One may wonder why I bring this up. It is increasingly common to use an on-line search engine to research information that is of interest to a computer user. In the case of intersex people, there is often no real alternative. The local public library probably does not carry books on being intersex, and such books are often difficult to obtain. Although intersex conditions are fairly common, with a frequency of greater than one in two thousand births, support is often difficult to find. There are more than three million intersex people in the world. On-line support is one of the most valuable tools that we presently have for intersex people to connect with other intersex people, and can be a valuable referral source for condition specific support groups.

Bodies Like Ours, as part of our public services, hosts an on-line discussion forum. We invite people to visit the site and learn more about our lives.


Peter

Sunshine1
11-14-05, 02:15 PM
but what do you guys do about the Yes, things in the past were craptacular but it's changed a lot in the last ten years or whatever?

there are hospitals that made changes based upon the acquired knowlege from the past decades.

it seems like it would be important to acknowledge progress...change of some hospitals like the U of Mich that has a wonderful system in place.

Aimee

Peter
11-15-05, 02:29 PM
Hi Aimee,

I would hope that surgical techniques would improve over the years, and that intersex people who require medical treatment for serious underlying metabolic health conditions would get the best possible care. I am not opposed to good medicine. However, I still think that it is ethically very questionable when infant genital surgery is done on intersex children with the primary aim of normalizing the visual appearance of our genitals without our informed consent.
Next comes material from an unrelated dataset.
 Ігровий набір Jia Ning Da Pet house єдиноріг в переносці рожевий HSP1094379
For instance, I know that there are claims made by surgeons these days, that they better understand the nerve pathways of the clitoris, and that a clitoral reduction is better than a clitorectomy. But in the end, I think that the intersex child should be allowed to grow up, and make a decision about these matters themselves. As the San Francisco Human Rights Commission noted in its intersex report, intersex women who grow up with a large clitoris are happy as they are. The other day, when another presenter mentioned the issue of a large clitoris in the workshop we were presenting, I looked around the room, and I could see some women turning to one another with an expression of disbelief on their faces that seemed to say "So, what’s the problem with a large clitoris?.”
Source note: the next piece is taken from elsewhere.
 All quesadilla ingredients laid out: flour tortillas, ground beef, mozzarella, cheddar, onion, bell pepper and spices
p.s. You keep saying that the U of Mich is wonderful. Can you let us know what makes it wonderful?

Peter

Morgan
11-15-05, 04:39 PM
Speaking as someone who had "corrective" or "normalising" surgery as an adult, I can say that surgical techniques are still a long way off providing a good result in their own terms, let alone providing an approach to surgery that is consistent with an adult patient's needs and expectations (rather than the surgeon's expectations that the patient really needs to be "normal").

Sunshine1
11-16-05, 02:56 PM
Yeah, the U of Mich has a wonderful system in place to support those with Intersex conditions that was built on the knowledge from the prior decades.They offer psychological support and multi- medical team support.

If I had been born with just an enlarged clitoris? My parents would of cared less but that is my parents. I do know that the top docs recommend holding off on surgery if there is only some enlargement of the clitoris. Many parents do agree that holding off on surgery for that is a good idea also.